§ **PROBLEM**:
Among the entries that follow, the required portion opens with the line containing "1629 - Veuve" and closes with the line containing "Obsessive Compulsive Disorder". Give that portion again exactly, and nothing else.

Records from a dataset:
= Beginning of Section =

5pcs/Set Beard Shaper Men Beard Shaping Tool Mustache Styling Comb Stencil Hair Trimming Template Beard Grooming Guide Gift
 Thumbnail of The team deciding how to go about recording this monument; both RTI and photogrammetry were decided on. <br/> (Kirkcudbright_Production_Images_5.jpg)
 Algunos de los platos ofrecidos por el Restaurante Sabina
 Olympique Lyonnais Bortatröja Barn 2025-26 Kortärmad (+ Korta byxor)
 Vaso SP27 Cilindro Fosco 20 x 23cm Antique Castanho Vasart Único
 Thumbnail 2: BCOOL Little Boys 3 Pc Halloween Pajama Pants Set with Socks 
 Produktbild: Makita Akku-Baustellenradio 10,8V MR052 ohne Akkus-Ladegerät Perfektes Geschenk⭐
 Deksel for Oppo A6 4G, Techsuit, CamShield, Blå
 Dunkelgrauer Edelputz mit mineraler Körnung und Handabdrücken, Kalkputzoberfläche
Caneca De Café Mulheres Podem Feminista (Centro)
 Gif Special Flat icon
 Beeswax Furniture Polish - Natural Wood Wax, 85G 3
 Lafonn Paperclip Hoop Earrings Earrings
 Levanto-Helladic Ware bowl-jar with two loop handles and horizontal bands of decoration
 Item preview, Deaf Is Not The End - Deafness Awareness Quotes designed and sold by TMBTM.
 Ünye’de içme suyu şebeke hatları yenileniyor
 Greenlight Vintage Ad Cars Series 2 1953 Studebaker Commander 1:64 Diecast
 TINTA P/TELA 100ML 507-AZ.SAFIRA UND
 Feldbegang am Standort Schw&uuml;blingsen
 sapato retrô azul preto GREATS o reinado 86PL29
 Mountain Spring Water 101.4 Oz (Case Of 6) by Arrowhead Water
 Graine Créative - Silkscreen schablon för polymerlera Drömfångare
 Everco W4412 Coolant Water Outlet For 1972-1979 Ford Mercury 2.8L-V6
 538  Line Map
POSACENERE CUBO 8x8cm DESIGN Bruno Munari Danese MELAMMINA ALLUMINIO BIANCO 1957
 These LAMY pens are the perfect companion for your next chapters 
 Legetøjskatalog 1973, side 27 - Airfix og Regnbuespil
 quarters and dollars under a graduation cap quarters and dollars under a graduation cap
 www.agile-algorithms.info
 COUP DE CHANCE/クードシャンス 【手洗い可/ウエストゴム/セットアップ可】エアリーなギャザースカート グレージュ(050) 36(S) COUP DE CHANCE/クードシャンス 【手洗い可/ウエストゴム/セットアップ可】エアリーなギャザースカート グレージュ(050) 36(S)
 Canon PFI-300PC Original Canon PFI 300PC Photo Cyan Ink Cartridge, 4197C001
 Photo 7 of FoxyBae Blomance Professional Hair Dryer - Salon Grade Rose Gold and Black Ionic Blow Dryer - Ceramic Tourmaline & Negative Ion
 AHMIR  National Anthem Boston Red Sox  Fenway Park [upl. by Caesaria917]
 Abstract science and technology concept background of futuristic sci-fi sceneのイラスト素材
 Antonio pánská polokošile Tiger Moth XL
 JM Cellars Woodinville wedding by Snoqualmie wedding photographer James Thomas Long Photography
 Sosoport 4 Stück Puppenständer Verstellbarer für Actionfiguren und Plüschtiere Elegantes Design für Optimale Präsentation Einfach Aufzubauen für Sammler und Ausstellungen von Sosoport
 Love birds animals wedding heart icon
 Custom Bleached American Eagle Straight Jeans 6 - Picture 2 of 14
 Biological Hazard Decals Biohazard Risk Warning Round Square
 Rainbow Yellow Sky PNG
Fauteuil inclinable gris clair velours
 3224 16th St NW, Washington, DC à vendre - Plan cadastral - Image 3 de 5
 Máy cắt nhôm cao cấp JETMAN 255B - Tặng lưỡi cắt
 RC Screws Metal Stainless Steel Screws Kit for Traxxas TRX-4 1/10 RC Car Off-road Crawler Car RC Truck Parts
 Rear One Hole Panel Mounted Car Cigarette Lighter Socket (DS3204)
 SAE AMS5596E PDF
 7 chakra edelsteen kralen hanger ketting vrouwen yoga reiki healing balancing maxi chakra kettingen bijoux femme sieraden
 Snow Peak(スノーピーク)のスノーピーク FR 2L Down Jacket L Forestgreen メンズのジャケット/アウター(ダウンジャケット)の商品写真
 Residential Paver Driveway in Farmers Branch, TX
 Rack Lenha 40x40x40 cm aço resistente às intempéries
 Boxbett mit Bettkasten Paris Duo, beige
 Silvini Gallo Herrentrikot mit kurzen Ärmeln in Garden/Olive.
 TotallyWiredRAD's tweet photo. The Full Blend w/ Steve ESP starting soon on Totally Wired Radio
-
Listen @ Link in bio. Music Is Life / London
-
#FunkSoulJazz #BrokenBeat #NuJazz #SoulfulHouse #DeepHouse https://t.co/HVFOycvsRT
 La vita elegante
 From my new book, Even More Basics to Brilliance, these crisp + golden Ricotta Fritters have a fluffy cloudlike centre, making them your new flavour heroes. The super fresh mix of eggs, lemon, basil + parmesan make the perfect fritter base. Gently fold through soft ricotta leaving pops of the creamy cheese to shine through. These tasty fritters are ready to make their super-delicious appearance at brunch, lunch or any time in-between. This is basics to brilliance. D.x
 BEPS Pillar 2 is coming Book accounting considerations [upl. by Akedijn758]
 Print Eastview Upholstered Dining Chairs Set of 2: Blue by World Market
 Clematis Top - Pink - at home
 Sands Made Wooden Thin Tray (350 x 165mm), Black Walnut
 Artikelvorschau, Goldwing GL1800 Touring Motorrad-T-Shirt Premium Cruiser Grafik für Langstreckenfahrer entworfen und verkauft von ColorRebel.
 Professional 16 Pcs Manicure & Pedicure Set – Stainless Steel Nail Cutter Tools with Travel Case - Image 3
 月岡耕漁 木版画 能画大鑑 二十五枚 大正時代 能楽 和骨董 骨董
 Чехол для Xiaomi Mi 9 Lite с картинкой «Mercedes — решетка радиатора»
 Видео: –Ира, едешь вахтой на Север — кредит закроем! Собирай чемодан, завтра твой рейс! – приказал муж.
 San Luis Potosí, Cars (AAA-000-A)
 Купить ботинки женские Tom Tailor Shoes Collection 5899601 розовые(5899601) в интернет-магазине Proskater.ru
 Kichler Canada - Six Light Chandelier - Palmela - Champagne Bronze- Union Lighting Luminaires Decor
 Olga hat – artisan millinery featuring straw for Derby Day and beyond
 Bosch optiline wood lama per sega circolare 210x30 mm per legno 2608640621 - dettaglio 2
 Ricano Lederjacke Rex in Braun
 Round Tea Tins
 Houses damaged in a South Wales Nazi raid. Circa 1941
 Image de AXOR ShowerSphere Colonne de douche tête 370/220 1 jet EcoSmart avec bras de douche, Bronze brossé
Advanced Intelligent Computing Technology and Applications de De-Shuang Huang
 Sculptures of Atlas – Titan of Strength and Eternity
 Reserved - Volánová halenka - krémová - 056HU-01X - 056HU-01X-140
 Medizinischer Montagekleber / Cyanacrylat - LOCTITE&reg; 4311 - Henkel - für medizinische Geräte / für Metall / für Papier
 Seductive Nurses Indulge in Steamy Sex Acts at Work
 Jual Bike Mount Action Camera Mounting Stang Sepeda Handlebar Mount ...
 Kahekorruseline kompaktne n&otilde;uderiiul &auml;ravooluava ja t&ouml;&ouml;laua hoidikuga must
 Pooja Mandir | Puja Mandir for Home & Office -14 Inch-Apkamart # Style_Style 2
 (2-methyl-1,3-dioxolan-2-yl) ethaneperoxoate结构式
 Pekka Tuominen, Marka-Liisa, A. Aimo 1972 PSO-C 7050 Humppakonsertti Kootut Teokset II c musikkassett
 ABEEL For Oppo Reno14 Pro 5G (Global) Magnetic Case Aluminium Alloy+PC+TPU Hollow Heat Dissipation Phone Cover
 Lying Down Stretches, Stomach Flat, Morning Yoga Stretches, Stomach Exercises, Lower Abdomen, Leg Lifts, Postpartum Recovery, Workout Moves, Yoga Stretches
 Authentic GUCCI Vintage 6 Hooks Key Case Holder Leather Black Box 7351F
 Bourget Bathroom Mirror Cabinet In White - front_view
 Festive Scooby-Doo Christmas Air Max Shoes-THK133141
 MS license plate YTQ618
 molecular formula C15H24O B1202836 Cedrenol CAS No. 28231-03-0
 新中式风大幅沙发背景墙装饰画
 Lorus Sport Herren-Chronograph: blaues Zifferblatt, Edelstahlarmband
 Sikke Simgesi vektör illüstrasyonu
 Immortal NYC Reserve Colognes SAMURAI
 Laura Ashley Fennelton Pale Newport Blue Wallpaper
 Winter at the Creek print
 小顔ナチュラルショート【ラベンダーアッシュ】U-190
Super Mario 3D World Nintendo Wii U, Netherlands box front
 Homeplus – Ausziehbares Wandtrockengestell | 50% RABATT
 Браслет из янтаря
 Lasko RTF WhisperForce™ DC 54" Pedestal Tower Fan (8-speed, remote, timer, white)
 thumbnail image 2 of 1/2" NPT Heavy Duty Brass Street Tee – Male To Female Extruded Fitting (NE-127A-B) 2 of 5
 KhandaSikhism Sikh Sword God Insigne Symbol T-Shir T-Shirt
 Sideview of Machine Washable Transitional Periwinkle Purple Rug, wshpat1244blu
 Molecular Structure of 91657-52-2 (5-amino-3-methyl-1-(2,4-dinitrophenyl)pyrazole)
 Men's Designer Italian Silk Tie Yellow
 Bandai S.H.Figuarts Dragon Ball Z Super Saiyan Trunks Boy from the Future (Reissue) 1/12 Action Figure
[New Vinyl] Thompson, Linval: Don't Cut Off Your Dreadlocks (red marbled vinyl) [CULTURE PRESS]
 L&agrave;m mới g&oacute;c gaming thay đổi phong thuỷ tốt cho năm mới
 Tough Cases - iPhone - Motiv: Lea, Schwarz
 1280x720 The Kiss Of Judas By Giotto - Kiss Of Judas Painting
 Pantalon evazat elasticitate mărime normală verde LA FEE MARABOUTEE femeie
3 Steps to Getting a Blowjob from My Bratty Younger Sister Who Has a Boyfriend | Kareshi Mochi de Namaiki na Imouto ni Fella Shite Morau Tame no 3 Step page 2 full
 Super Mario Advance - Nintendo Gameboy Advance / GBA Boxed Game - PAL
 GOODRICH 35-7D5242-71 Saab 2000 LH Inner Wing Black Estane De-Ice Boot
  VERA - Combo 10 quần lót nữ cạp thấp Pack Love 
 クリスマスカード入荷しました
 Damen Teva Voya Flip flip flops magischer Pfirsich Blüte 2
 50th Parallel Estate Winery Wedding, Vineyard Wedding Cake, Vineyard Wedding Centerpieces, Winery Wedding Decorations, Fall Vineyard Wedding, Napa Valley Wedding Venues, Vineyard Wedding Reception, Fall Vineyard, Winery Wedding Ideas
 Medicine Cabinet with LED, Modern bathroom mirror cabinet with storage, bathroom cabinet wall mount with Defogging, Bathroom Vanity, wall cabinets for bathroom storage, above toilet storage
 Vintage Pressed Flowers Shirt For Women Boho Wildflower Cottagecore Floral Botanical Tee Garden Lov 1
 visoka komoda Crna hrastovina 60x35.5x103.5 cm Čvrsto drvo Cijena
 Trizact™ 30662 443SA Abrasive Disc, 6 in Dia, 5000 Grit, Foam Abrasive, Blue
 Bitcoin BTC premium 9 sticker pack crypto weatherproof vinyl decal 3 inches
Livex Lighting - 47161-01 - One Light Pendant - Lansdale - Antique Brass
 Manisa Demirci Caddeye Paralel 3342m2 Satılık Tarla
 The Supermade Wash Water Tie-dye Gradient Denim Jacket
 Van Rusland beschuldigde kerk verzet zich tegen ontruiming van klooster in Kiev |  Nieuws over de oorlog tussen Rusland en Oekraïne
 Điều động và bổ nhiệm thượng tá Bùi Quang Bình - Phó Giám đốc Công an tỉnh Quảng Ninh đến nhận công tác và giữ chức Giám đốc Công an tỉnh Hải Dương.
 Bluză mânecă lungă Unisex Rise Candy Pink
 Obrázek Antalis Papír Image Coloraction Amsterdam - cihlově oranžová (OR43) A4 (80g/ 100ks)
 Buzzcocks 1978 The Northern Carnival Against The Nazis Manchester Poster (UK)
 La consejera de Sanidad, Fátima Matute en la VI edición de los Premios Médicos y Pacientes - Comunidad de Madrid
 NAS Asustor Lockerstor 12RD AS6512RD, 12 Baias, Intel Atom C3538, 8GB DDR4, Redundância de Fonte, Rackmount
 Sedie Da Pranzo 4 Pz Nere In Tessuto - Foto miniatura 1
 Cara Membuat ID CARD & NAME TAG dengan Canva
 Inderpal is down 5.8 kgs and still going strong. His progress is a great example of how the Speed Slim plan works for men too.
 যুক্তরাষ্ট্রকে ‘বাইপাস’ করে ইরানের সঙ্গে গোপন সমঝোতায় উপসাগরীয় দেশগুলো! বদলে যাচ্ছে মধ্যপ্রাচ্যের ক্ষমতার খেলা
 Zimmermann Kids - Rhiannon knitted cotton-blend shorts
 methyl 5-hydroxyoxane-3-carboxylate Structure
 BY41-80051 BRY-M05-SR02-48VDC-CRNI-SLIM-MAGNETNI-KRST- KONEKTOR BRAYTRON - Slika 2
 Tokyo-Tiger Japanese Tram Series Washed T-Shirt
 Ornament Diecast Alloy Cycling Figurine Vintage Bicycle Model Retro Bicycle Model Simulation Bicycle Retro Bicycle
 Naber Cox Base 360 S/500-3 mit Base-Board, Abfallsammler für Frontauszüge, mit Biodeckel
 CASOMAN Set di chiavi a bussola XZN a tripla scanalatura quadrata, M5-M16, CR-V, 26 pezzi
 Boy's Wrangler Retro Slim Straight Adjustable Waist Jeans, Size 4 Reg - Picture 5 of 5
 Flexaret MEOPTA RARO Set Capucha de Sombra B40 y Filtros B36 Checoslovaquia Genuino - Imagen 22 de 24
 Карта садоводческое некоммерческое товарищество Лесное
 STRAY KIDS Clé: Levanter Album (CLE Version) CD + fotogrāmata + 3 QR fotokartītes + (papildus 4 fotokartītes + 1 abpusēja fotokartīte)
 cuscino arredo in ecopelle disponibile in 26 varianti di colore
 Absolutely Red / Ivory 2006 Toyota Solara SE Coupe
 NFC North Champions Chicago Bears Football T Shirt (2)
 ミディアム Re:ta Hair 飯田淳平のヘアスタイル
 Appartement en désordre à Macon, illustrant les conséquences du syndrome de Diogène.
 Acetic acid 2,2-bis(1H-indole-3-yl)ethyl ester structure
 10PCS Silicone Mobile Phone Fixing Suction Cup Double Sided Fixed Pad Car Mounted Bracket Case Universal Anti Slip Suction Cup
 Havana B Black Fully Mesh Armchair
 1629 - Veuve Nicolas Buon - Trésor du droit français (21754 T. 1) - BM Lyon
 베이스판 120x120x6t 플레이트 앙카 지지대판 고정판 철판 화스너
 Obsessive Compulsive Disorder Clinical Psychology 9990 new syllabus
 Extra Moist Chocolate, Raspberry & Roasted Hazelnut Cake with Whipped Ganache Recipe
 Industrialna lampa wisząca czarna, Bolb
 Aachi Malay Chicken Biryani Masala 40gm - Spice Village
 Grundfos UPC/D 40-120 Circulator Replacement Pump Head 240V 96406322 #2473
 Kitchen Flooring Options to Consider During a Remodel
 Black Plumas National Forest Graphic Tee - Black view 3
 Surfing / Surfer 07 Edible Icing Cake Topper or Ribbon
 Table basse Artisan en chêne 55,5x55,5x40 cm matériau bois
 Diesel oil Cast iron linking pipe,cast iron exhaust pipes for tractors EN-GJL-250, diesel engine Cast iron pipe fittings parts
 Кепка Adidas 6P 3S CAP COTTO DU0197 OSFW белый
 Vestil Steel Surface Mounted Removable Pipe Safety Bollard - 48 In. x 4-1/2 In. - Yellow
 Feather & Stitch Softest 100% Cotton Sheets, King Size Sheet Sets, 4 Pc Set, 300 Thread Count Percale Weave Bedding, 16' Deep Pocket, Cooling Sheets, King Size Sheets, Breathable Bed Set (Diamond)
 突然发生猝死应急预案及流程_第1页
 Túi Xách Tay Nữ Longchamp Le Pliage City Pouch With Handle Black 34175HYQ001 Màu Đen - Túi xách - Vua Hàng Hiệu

= End of Section =

§ **RESPONSE AREA**:
 1629 - Veuve Nicolas Buon - Trésor du droit français (21754 T. 1) - BM Lyon
 베이스판 120x120x6t 플레이트 앙카 지지대판 고정판 철판 화스너
 Obsessive Compulsive Disorder Clinical Psychology 9990 new syllabus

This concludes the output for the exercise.